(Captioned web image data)
· · · · · · ·
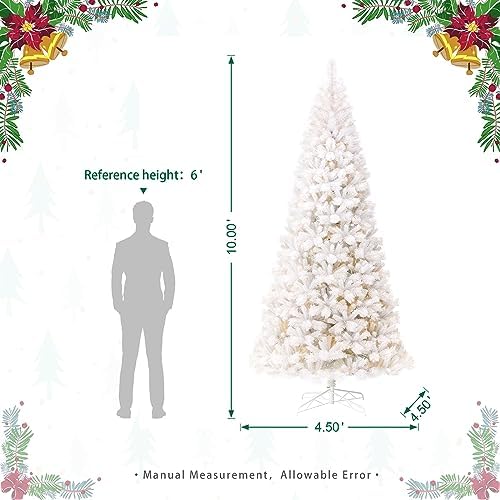 Glitzhome 10ft Pre-Lit Slim Artificial Christmas Tree, Aspen Frostfall Pine Hinged Holiday Xmas Tree with Foldable Metal Stand, 800 Warm White Lights, Ideal for Home, Office, Party Decoration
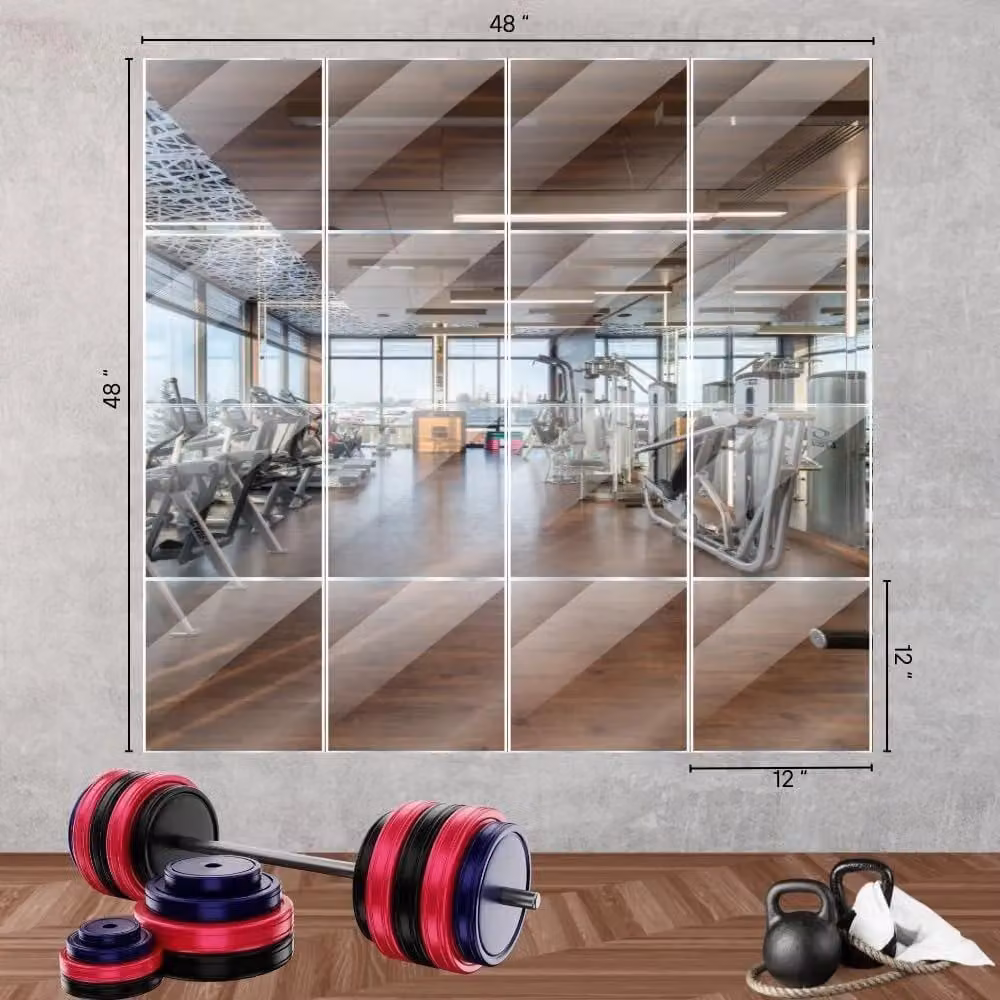Trendi Set of 16 Square Frameless Glass Wall Mirror Tiles, Clear, W/D/H: 30 x 30 x 30 cm – 2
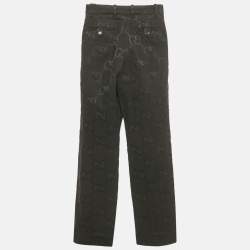 Pre Owned Gucci Black Jumbo GG Jacquard Canvas Pants XS Waist 24"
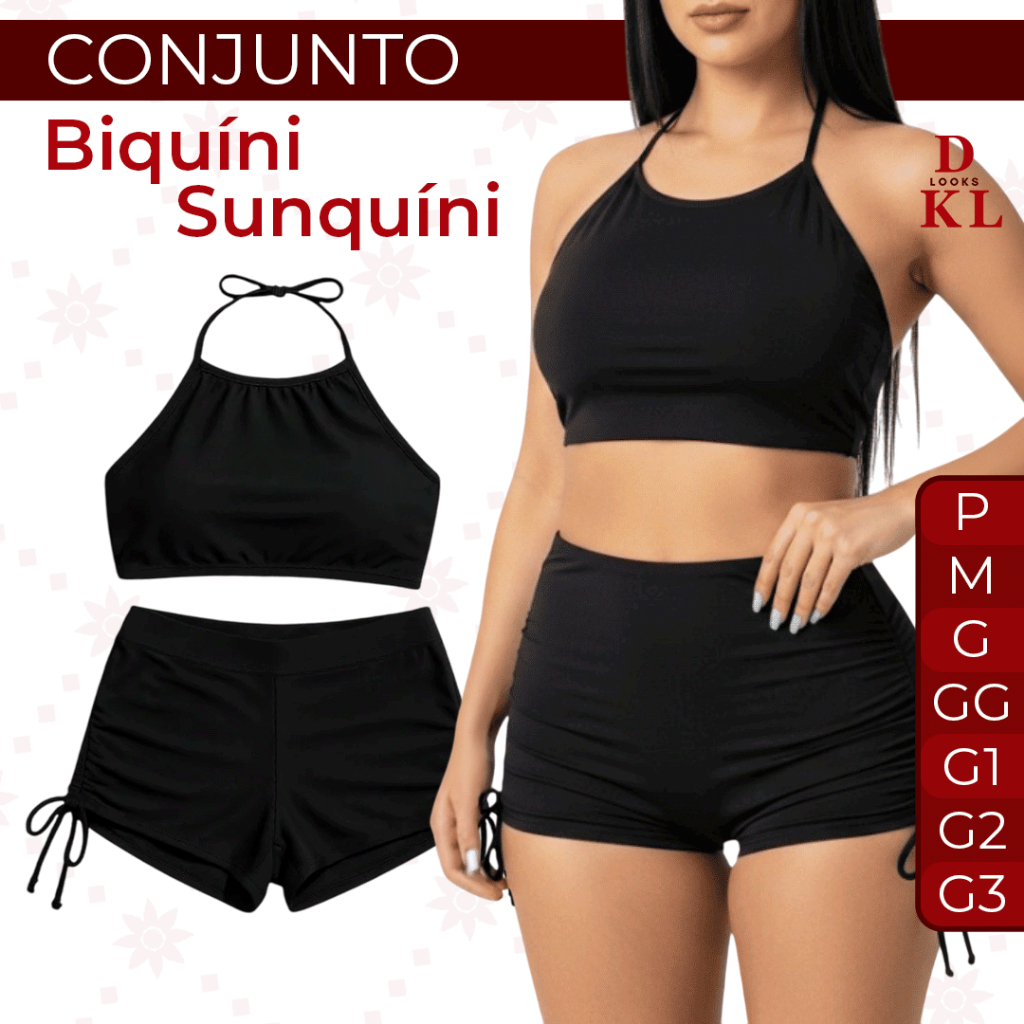 Conjunto Top Alcinha e Shorts Cordinha Biquini Sunquíni Juvenil ao G3 em Oferta na Shopee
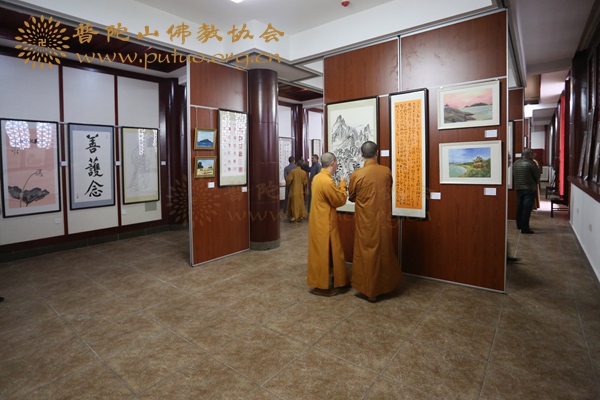 佛教-普陀山佛教协会僧众书画展在普陀山宝陀讲寺举行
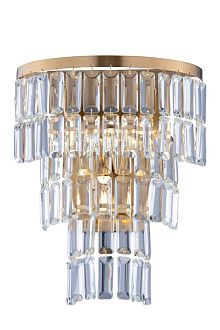 Бра L350 x W200 x H340, мм, 4*40W(160W), PLATING BRASS+CLEAR (Латунь + Прозрачный Хрусталь) NewRgy W2752P/4A PLATING BRASS+CLEAR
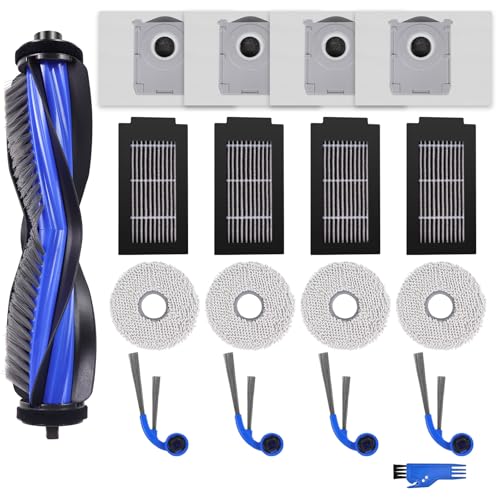 Spofan Accessories Kit for ECOVACS T50 OMNI Gen3/T50 Pro Omni Gen3, T30C OMNI | for DEEBOT Robot Vacuum Cleaner Spare Parts 1 Main Brush, 4 Filters, 4 Side Brushes, 4 Mop Cloths, 4 Bags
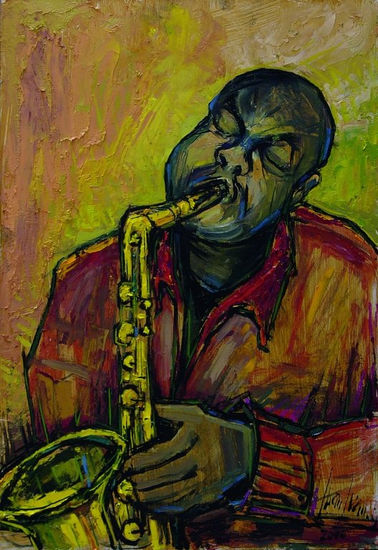 Músico (saxofón) Oil Panel Figure Painting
· · · · · · ·
#### [To do]
Quote the records in full and exactly; skip any image.

#### [Exercise result]
 Glitzhome 10ft Pre-Lit Slim Artificial Christmas Tree, Aspen Frostfall Pine Hinged Holiday Xmas Tree with Foldable Metal Stand, 800 Warm White Lights, Ideal for Home, Office, Party Decoration
Trendi Set of 16 Square Frameless Glass Wall Mirror Tiles, Clear, W/D/H: 30 x 30 x 30 cm – 2
 Pre Owned Gucci Black Jumbo GG Jacquard Canvas Pants XS Waist 24"
 Conjunto Top Alcinha e Shorts Cordinha Biquini Sunquíni Juvenil ao G3 em Oferta na Shopee
 佛教-普陀山佛教协会僧众书画展在普陀山宝陀讲寺举行
 Бра L350 x W200 x H340, мм, 4*40W(160W), PLATING BRASS+CLEAR (Латунь + Прозрачный Хрусталь) NewRgy W2752P/4A PLATING BRASS+CLEAR
 Spofan Accessories Kit for ECOVACS T50 OMNI Gen3/T50 Pro Omni Gen3, T30C OMNI | for DEEBOT Robot Vacuum Cleaner Spare Parts 1 Main Brush, 4 Filters, 4 Side Brushes, 4 Mop Cloths, 4 Bags
 Músico (saxofón) Oil Panel Figure Painting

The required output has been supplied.